**Data extract:**

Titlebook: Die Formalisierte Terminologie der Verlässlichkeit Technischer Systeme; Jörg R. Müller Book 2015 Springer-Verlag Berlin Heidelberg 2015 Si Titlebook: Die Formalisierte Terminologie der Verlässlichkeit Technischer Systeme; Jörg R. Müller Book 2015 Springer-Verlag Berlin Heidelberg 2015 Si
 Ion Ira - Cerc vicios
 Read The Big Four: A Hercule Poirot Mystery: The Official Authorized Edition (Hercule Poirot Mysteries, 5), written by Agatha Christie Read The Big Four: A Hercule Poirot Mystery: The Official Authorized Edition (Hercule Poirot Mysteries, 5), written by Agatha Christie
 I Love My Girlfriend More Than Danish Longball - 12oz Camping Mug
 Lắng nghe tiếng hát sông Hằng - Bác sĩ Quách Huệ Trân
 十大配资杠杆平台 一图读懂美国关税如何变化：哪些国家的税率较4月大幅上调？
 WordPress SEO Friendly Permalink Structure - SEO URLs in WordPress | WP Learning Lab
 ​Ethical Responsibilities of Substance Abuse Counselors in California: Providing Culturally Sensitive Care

**Exercise goal:** Only the lines from the one containing "十大配资杠杆平台 一图读懂美国关税如何变化：哪些国家的税率较4月大幅上调？" through the final line above should be duplicated, exactly as they stand.

**Task output:**
 十大配资杠杆平台 一图读懂美国关税如何变化：哪些国家的税率较4月大幅上调？
 WordPress SEO Friendly Permalink Structure - SEO URLs in WordPress | WP Learning Lab
 ​Ethical Responsibilities of Substance Abuse Counselors in California: Providing Culturally Sensitive Care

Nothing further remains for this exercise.